Plate Appearances for Players Below 80 OPS+ (Pitchers Excluded)

Atlanta: 424
NY Mets: 571
Pirates: 634
Chi. Cubs: 801*
St. Louis: 811
Colorado: 884
LA Dodgers: 965
Milwaukee: 1058
San Diego: 1082
Cinncinati: 1135**
Philadelphia: 1190
Miami: 1337
Washington: 1514
San Francisco: 1573
Arizona: 2257

*Well over half of this was Addison Russell, whose OPS+ of 74, while bad, wasn’t that far below the cutoff.

**Nearly half of this was Billy Hamilton, whose OPS+ was a miserable 68.

Batters Faced by Pitchers with an ERA+ Below 80

Arizona: 304
Chi. Cubs: 319
Milwaukee: 355
LA Dodgers: 358
Atlanta: 475
Philadelphia: 739
Colorado: 930*
Pirates: 1150
Washington: 1163
St. Louis: 1193
San Francisco: 1380
Cinncinati: 1972
NY Mets: 2079
San Diego: 2455
Miami: 2506

*Over three-quarters of this total came from three pitchers who were only a little below the cutoff: Bryan Shaw (79), Jake McGee (73) and Chris Rusin (77).
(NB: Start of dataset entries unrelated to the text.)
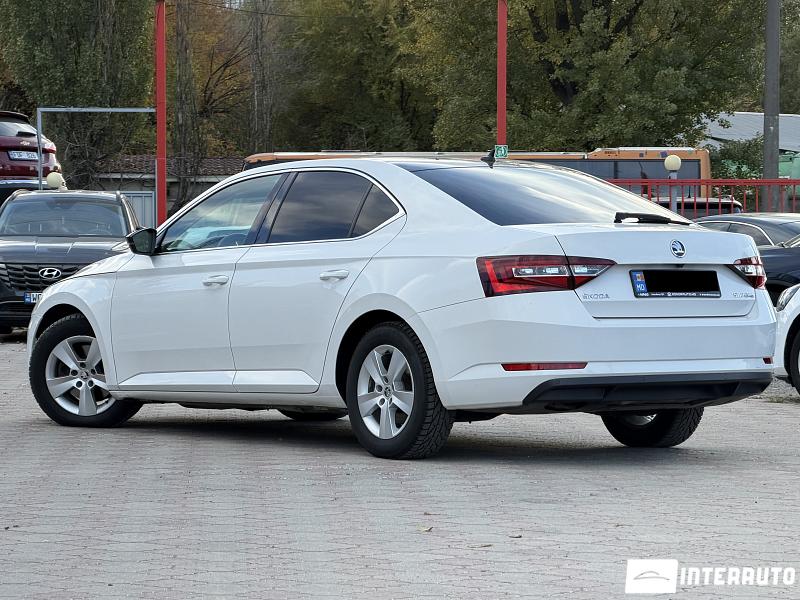 Skoda Superb 13 automobil-interauto
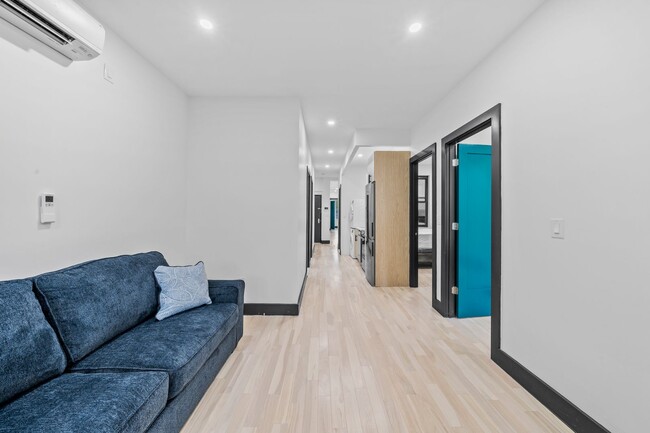 Building Photo - 2458 Lorillard Pl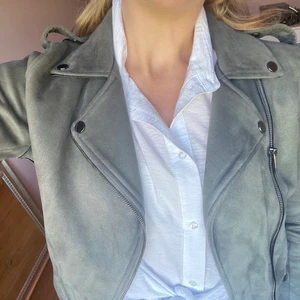 Mockajacka  - Jättefin mockajacka( ej äkta) i strl 38. Köptes för 3 år sedan men är sparsamt använd.  💚 skulle säga att den är militärgrön. Köparen står för frakten. 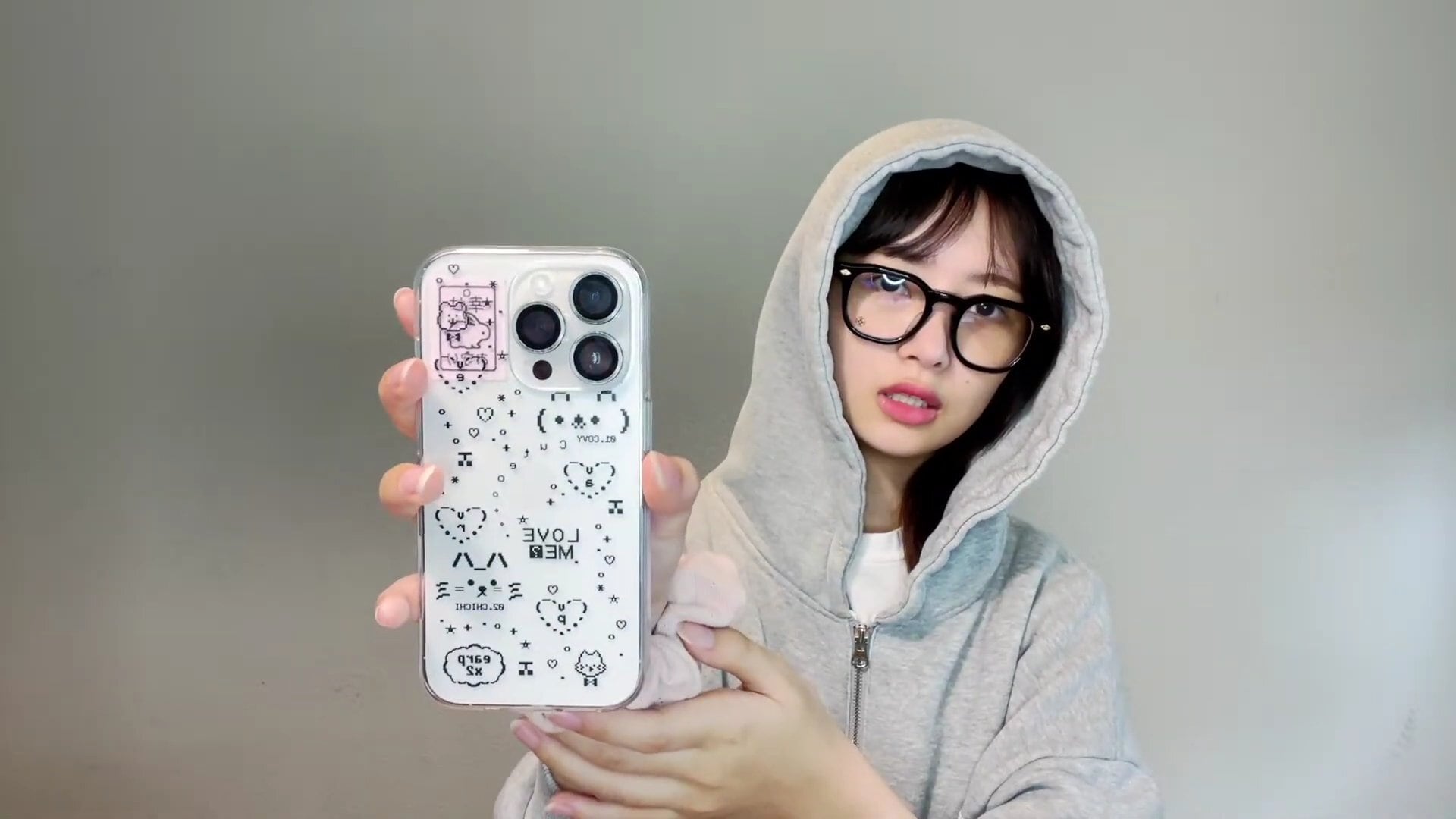 16シリーズ登場！☆IVE レイ 着用！！【earpearp】EMOJI COVY CHICHI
I’m not sure this proves a great deal beyond showing that good teams don’t have many crappy players. It’s no surprise that rebuilding teams like the Marlins and Reds would have a lot of bad performers. For some teams — Nationals, Mets pitchers — the high totals were heavily influenced by injuries. Some teams with very low totals, though, ran through a lot of players due to injuries and other factors. The Dodgers, the Cubs and, especially, the Braves were at or near the top in most players used, yet they gave very little time to poor players. The Rockies, on the other hand, appear to have benefited from using easily the fewest players. (The Pirates were near the bottom in number of players, and especially pitchers, used. The numbers of players and pitchers used can be found at bb-ref.) So at the very least, I think this shows that strong organizational depth, as well as a willingness to go out and fill holes as they appear, is very helpful over the course of a season.

Daily Links

  • As was noted here yesterday, FanGraphs has posted Dan Szymborski’s post-mortem on the 2018 Pirates. I don’t agree with all of it, but on the whole it’s a very accurate take on the team and its tendencies. In particular, I agree with the concern that the Pirates’ risk-aversion has limited them to value moves that aren’t enough to get them into the thick of the fight. One statement in particular — “if you have a team of two-win types whom you’re paying like one-win types, you have a very efficient roster that will finish 10 games out of the playoffs” — succinctly defines the Pirates’ approach. What’s scary, though, is that it is, in fact, their approach. It’s not something that just happened, it’s exactly the way they’ve tried to build the team. Anyway, the article is well worth reading if you haven’t already.
  • MLBTR has posted extensive lists of available right-handed and left-handed relievers. These are more established major league guys, whereas I think the Pirates will probably be looking at minor league free agents for bullpen depth. I can’t help but think there are one or two guys on these lists, though, who’d be both helpful and realistic.